SMARTPHONE apps and newsfeeds are designed to constantly grab our attention. And research suggests we’re distracted nearly 50% of the time. Could this be weighing down on productivity? 

And why is the crisis of attention particularly concerning in the context of the rise of AI and the need, therefore, to cultivate distinctively human qualities?

Are we losing our attention?

In a world of information overload, what do we pay attention to?

This question has become increasingly relevant in the digital age. With the rise of smartphones in particular, the amount of stimuli competing for our attention throughout the day has exploded. 

A survey from 2013 found that we check our phones 150 times per day, or roughly once every 6½ mins; a more recent study found that the average smartphone user spends around 2½ hours each day on his or her phone, spread across 76 sessions.

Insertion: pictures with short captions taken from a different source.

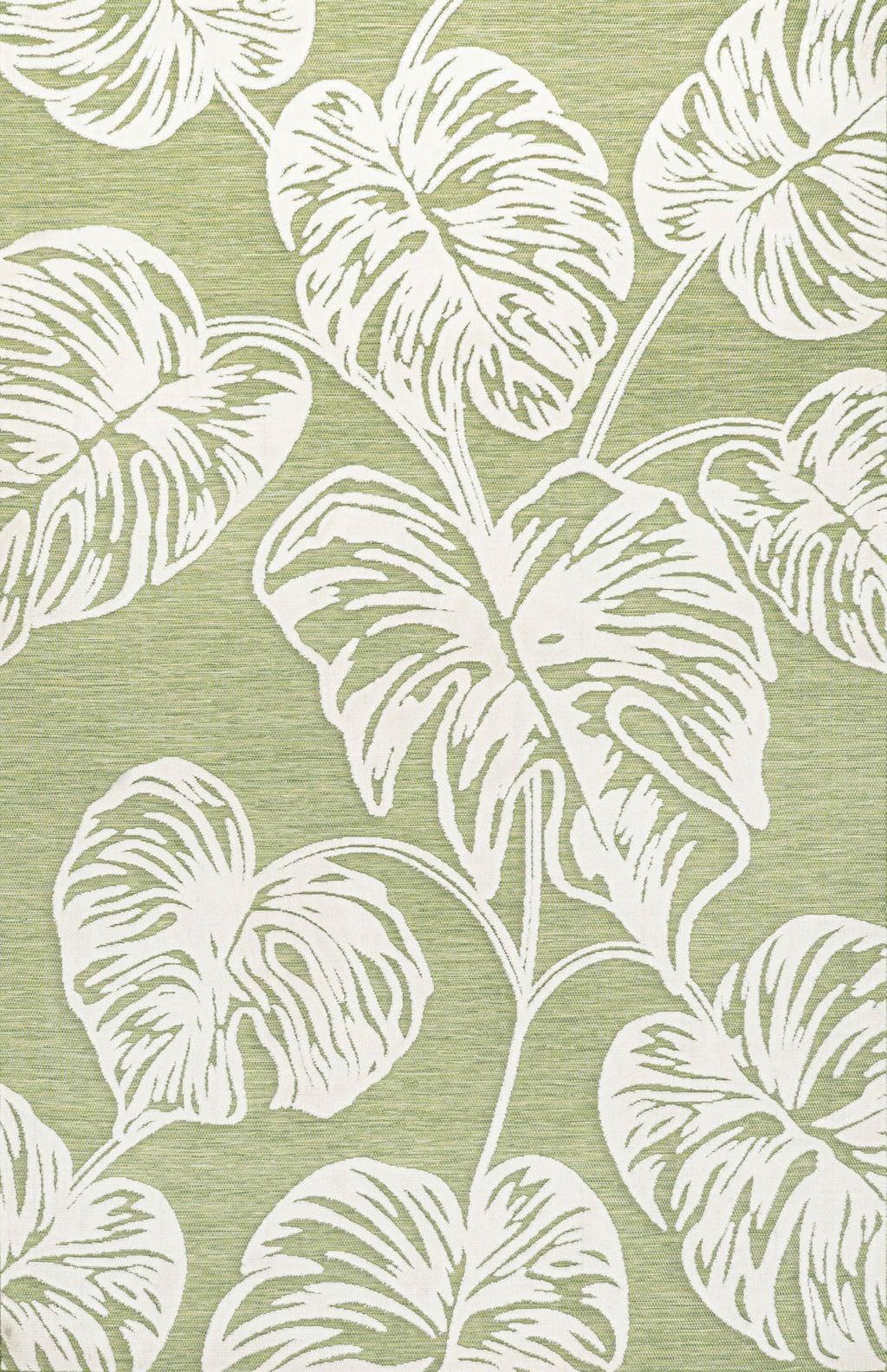 Tobago High-Low Two-Tone Monstera Leaf Indoor/Outdoor Area Rug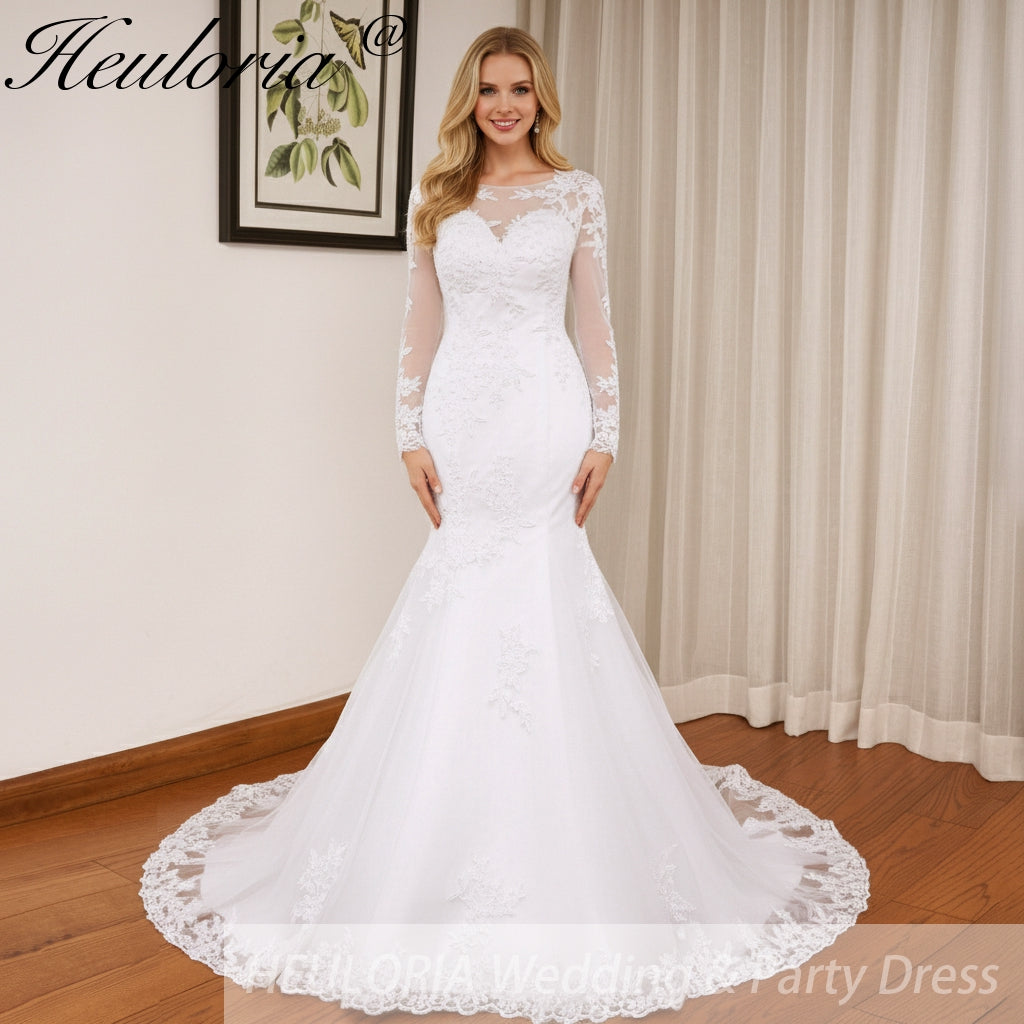 Long Sleeve Mermaid Wedding Dress | Illusion Neckline | Heuloria 6 / Ivory Long Sleeve Mermaid Wedding Dress | Illusion Neckline | Heuloria 6 / Ivory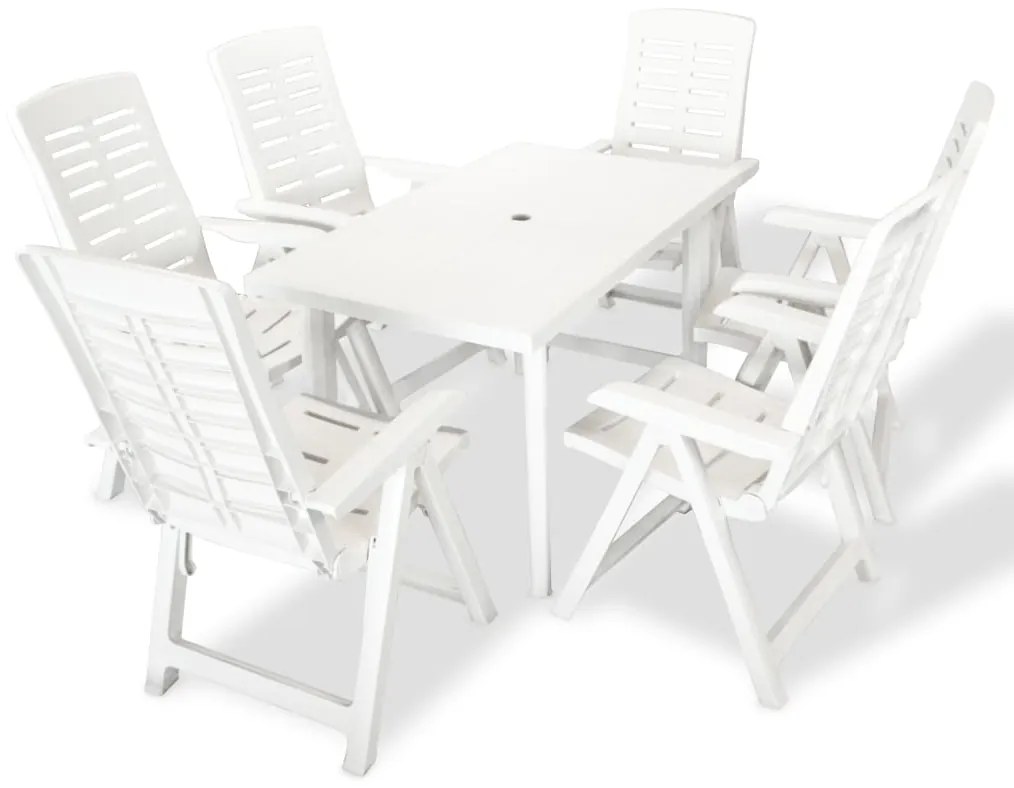 Set da Pranzo da Giardino 7 pz in Plastica Bianco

In the context of this huge cultural shift, our attention emerges as a scarce and valuable resource and the ‘attention economy’ has become a growing area of study (see, for instance, Terranova (2012)). 

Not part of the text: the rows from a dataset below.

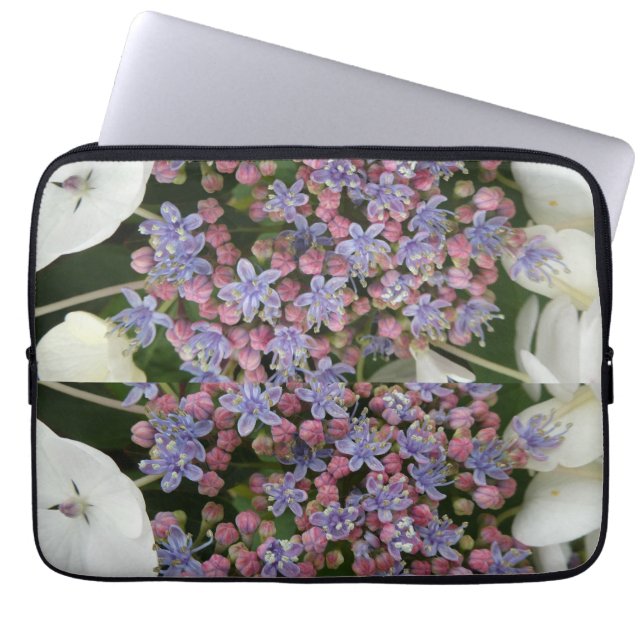 Capa Para Notebook Pequenas flores de Hydrangea Patterno Folha do Lap (Frente)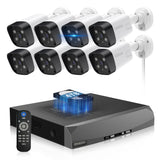 《𝟭𝟯𝟬°𝗪𝗶𝗱𝗲 𝗔𝗻𝗴𝗹𝗲 & 𝟮-𝗪𝗮𝘆 𝗔𝘂𝗱𝗶𝗼》Outdoor Security Camera System, 4K/8MP IP Wired Cameras, Video Surveillance Systems, Surveillance DVR Kits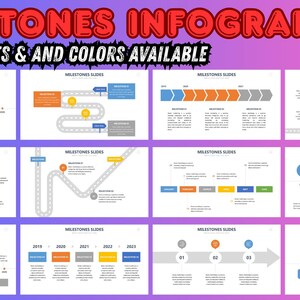 May include: A collection of infographic templates with the text "MILESTONES INFOGRAPHICS" and "50+ TEMPLATES & AND COLORS AVAILABLE". The templates feature timelines, roadmaps, and process diagrams in various colors, suitable for presentations.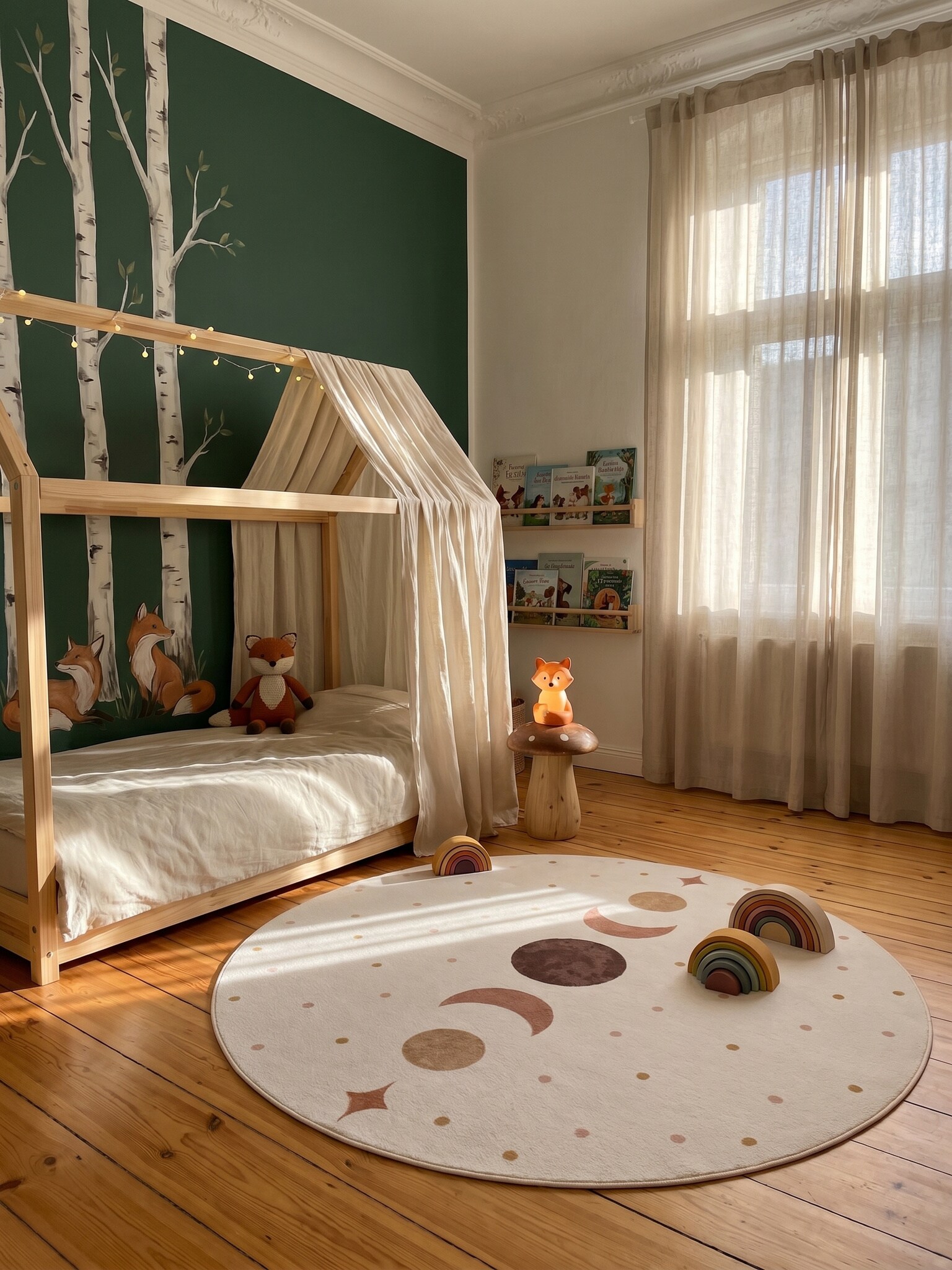 Kinderteppich Mondphasen Creme 160x160 cm Waschbar - Bild 1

Some models seek to explain how we allocate our attention online. The theory of rational inattention, meanwhile, starts with the assumption that information is costly to acquire, hence decision-makers may rationally take decisions based on incomplete information.

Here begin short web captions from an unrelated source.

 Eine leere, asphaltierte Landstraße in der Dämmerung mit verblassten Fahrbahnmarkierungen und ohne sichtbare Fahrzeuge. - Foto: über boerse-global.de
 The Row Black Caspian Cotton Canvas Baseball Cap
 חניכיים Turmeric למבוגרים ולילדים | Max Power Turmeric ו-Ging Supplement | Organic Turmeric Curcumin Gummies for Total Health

Another line of enquiry, and the focus for this post, stems from the claim that we are more distracted than ever as a result of the battle for our attention. One study, for example, finds that we are distracted nearly 50% of the time. 

This ‘crisis of attention’ is seen as one of the greatest problems of our time: after all, as the American philosopher William James noted, our life experience ultimately amounts to whatever we had paid attention to.

Might the crisis of attention be affecting the economy? The most obvious place to look would be in productivity growth, which has been persistently weak across advanced economies over the past decade (during which time, as it happens, global shipments of smartphones have risen roughly ten-fold).